A Take down of the Second Circuit Court’s Odious opinion
B.L.U.F.
In reading some recent filings, I came across this excellent take down of the Second Circuit Court’s opinion.
(1550 words)
The following is mostly from plaintiffs (good guys) in Kipke v. Moore in the District Court of Maryland. As mentioned the other day, the state is using the opinion out of the Second Circuit to bolster their arguments. The plaintiffs are having none of it.
—Kipke v. Moore, No. 1:23-cv-01293, slip op. at 1–2 (D. Md.)
NRA v. Bondi was the case down in Florida where the 3 judge panel found that 18, 19, and 20-year-olds were not part of “The People”. They published their opinion. Their opinion was immediately stayed by another judge on the Eleventh Circuit court. The case was then taken up en banc.
We are waiting for the en banc panel to issue their opinion.
Citing to NRA v. Bondi as good case law is a profound error. It is no different than citing to —Dred Scott v.

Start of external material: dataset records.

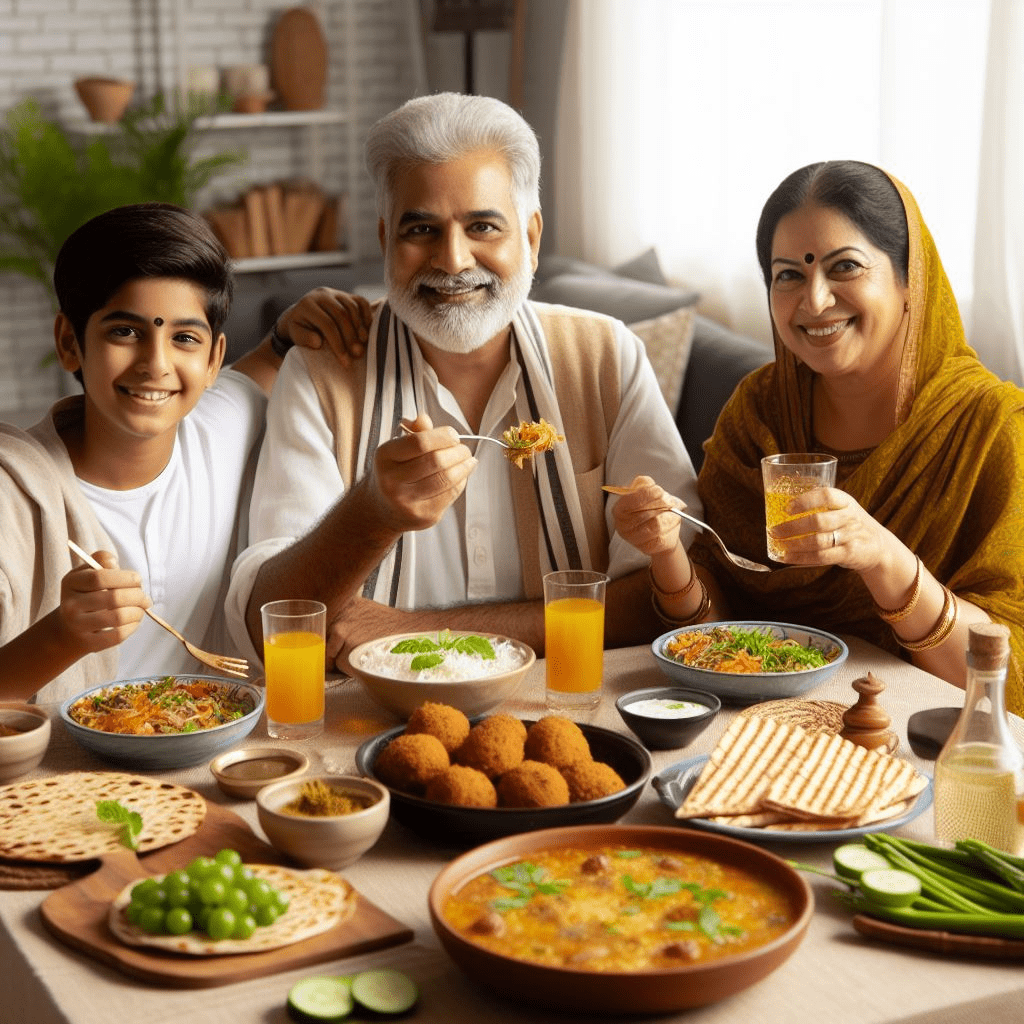 A Indian Family cultivating healthy Lifestyle eating right food 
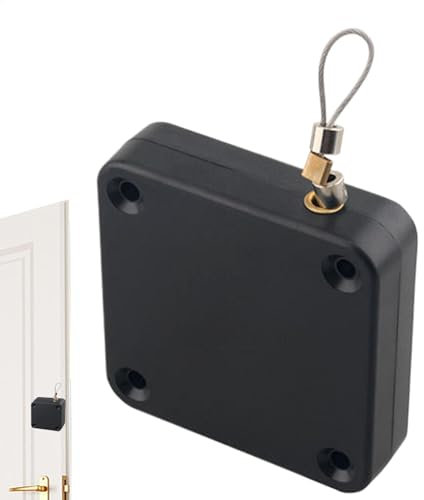 Sliding Door Closer, Screen Door Closer, No Drilling Stormto Opener Renner Car Lock with 1.2 m Steel Cord, Home Improvement Hardware for Bathroom, Bedroom, Study Room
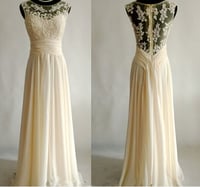 Image 1 of  Elegant Handmade Chiffon Floor Length Lace Applique Prom Dress , Prom Dresses, Evening Dresses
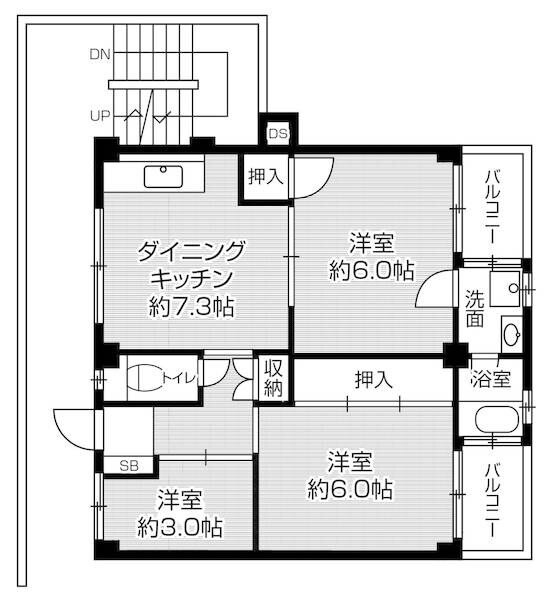 ビレッジハウス私部2号棟の物件間取画像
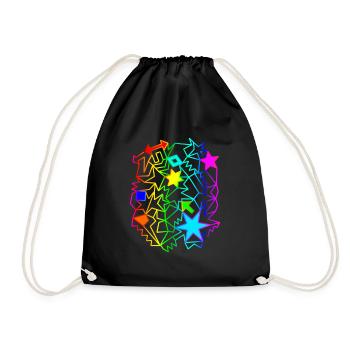 bunte Sterne Pfeile Regenbogen Ornamente - Turnbeutel - Schwarz - Vorne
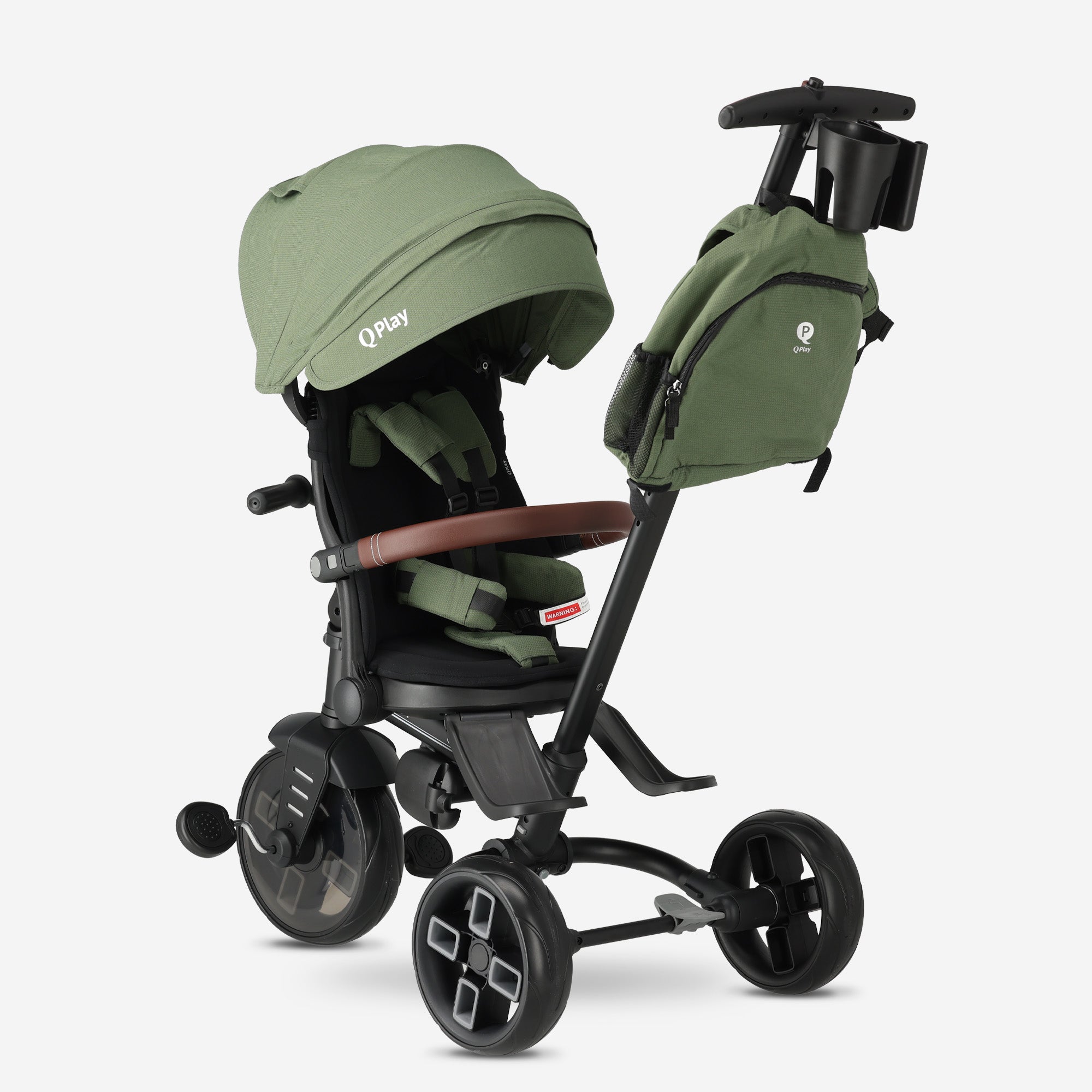 Qplay Comfo Max Driewieler met Duwstang - 7-in-1 Peuterfiets - Groen
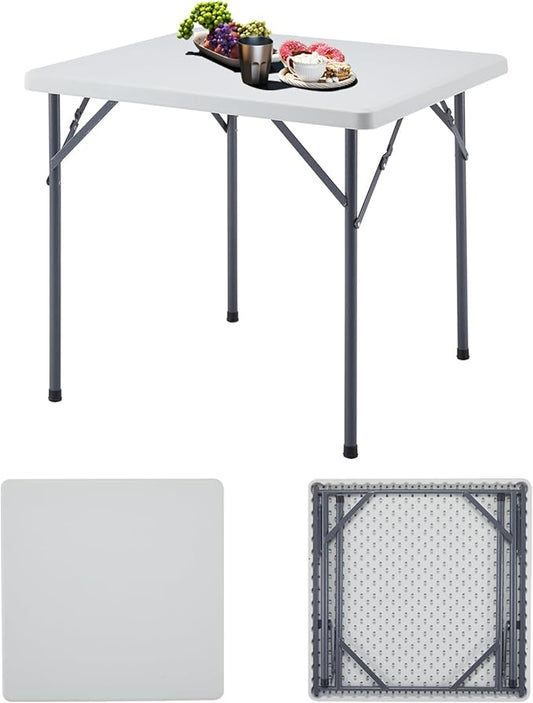 BOOSDEN 32 Inch Square Folding Table, Lightweight Folding Card Table, Indoor Outdoor Portable Utility Foldable Tables, Collapsible Legs Plastic Table for Puzzles Game Crafting Camping Picnic Party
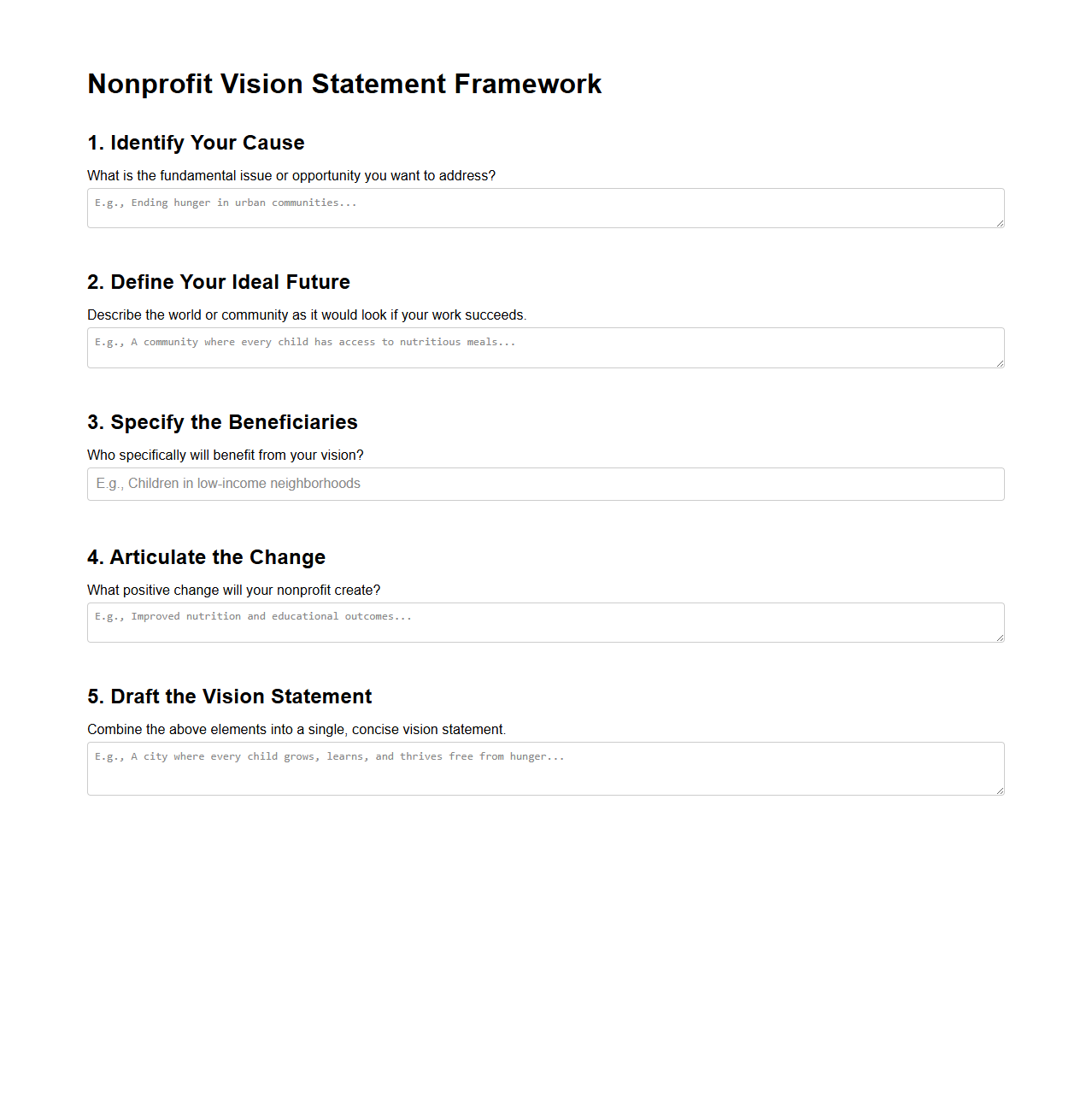 Nonprofit Vision Statement Framework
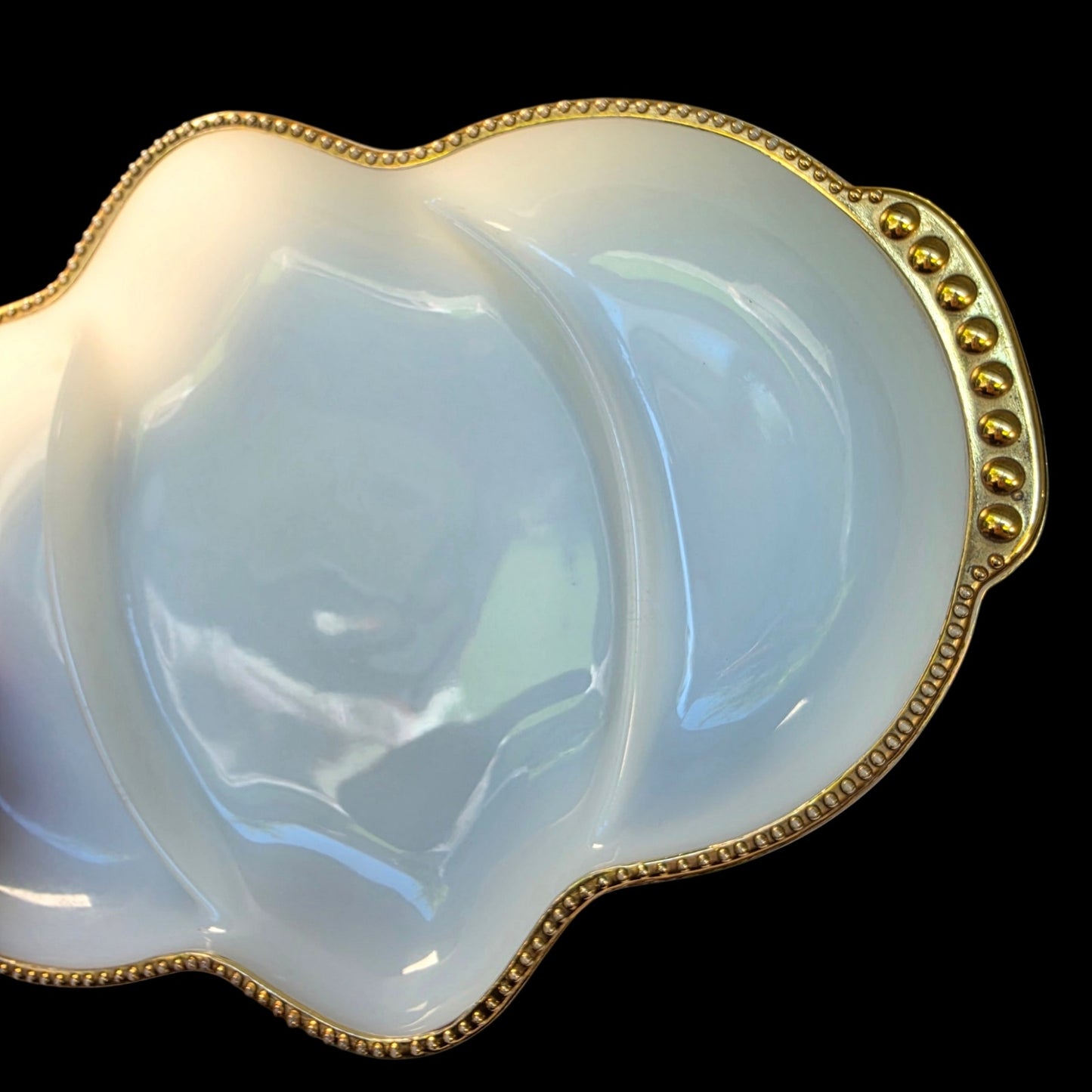 Vtg Fire-King Milk Glass Divided Relish Dish 22K Gold Trim Vanity Recency MCM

Sandford, 60 US 393 (Supreme Court 1857) to support a current regulation. (Dred Scott was an awful Supreme Court opinion that has been corrected by the Supreme Court.)
The Circuit Courts like to think of themselves as Supreme Courts. Even if the Supreme Court has told the Article III inferior courts how to do something, the Circuit Courts, which are inferior courts, will hold on to their past opinions with a stranglehold.
The Forth Circuit court should have had an easy task when asked if Kolbe is still good law. The Supreme Court just GVRed a case to the Fourth, telling them that using Kolbe they got it wrong. Yes, Kolbe is part of the dung heap of the past.
Depending on decisions, pre-dating Bruen is wrong. The problem that these rogue courts have, is that they don’t have any ground to stand on. Every time they think they are on firm ground, it turns to quicksand. They knew they were infringing when they used the means-end tests. They knew they were ignoring what the Supreme Court wanted. They were more concerned with their agenda.
In —Mcdonald V. Chicago, 177 L. Ed. 2d 894 (2010), the Supreme Court clearly stated that the Second Amendment is incorporated. That it applies to the states as well as the Federal government. For the Second Circuit to say that state law is somehow different is an abuse of their authority.